羽田から関西国際空港まで1時間10分。10時前には関空に到着する。ここにくるのはケアンズ旅行からの帰国時以来。成田に向かうはずだった飛行機の現地出発が10時間遅れたため、成田ではなく26時の関空に到着したことが昨日のように思い出される。
これまた当時2度と来ないと思われた空港近くのローソンで傘を購入し、その隣りで愛想があまりない店員さんから車を借りて出発。外は小雨が降ってきていた。
奥の院は弘法大師空海の御廟所が最深部に構える巨大な霊場である。織田信長、明智光秀、加賀前田家などの墓やその他様々な企業の墓があり、樹齢数百年の杉木立の参道がおよそ2キロに渡って続く。周りから香が漂ってくる。小雨だがそれ程湿度は高くない。それどころか涼しい風が吹いてくる。小川のせせらぎが聞こえる。ここにきて「~~できますように」というような私自身の欲望を神仏に頼む気など失せてしまった。
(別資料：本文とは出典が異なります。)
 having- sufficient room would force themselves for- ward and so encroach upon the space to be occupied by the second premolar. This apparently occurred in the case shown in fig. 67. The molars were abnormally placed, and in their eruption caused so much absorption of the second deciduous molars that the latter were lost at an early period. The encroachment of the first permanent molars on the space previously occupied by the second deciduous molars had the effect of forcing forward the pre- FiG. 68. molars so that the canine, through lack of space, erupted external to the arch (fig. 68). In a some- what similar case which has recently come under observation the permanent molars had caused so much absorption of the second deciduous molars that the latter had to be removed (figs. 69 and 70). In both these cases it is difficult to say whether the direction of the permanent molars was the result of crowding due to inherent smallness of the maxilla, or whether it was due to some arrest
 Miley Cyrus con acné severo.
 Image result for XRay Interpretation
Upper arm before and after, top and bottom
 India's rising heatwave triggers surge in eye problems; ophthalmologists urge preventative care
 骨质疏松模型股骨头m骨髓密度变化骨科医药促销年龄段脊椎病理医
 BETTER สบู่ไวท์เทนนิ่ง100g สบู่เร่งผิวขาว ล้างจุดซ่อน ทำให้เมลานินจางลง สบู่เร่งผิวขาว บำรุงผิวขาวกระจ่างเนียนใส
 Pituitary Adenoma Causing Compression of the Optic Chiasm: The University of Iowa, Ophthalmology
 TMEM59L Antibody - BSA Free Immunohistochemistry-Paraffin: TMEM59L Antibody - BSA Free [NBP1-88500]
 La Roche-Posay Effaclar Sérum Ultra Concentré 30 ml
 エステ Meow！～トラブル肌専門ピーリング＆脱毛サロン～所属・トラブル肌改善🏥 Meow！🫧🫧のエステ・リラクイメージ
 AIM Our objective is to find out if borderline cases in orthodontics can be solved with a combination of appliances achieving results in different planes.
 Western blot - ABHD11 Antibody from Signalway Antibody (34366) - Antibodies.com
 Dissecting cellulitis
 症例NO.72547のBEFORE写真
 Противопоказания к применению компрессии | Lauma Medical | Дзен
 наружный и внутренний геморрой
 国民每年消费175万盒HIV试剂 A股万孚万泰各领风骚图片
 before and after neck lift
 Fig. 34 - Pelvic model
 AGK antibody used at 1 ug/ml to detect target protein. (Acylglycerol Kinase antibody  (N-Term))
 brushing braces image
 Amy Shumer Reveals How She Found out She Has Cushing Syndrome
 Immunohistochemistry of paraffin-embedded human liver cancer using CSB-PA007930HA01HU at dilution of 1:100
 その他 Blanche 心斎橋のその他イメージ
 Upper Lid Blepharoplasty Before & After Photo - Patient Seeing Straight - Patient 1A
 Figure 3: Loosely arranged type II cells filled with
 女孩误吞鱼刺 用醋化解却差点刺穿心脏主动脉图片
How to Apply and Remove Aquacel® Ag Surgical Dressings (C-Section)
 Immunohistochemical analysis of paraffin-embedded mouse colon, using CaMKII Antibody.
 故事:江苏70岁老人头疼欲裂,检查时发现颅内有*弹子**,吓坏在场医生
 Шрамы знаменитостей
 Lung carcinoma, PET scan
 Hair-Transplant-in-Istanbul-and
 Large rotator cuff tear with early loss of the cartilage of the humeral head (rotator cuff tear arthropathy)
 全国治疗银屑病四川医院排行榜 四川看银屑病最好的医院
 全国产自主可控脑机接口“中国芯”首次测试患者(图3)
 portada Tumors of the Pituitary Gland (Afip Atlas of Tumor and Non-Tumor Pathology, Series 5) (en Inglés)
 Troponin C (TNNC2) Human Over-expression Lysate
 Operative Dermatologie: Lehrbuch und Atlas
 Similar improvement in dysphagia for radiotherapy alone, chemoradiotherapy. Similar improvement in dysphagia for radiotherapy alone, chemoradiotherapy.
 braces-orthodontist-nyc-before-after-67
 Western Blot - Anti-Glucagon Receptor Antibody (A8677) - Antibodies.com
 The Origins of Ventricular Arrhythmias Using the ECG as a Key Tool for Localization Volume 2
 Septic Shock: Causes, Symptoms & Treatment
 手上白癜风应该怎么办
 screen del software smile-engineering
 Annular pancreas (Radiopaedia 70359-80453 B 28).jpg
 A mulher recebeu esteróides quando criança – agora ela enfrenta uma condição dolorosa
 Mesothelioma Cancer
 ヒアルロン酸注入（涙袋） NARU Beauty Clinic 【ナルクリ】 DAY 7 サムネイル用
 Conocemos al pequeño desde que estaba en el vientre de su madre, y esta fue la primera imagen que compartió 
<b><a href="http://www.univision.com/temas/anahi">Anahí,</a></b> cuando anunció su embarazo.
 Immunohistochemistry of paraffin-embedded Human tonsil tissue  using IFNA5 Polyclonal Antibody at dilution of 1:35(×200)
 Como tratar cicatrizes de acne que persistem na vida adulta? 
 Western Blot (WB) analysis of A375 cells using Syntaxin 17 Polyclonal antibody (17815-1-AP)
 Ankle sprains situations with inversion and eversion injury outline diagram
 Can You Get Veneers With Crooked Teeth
庭が見事で、石庭として我が国最大面積を誇る蟠龍庭(ばんりゅうてい)、狩野探幽らによる襖絵、秀吉に追放された秀次が自刃した柳の間など見所たくさんであった。1984年に新設された新別殿という大広間にいくと参拝客には茶が振る舞われる。畳の大部屋でのびのびと休憩ができる。偶然にも僧侶の法話を聴くことが出来た。「辛」いに一本棒が入ると「幸」せという漢字になる。独りよがりな辛い状態から手を出して回りの人と繋がることで幸せな状態になるんですよ、云々。
高野山に宿泊する人は宿坊に泊まることになる。宿坊といっても部屋にトイレと水道がない以外は殆ど和風の旅館と同じ。エアコンやテレビは置いてある。出される精進料理は普通に食べられるものであった。食後に写経を別室で行う。薄い灰色で書かれた般若心経の文字を上から筆ペンでなぞるというものであったが、渾身の集中力で心を込めて行う。これほど集中して文字を書いたのは久しぶり。普段使わない力と、普段触れないものに触れた満足感に包まれ寝る。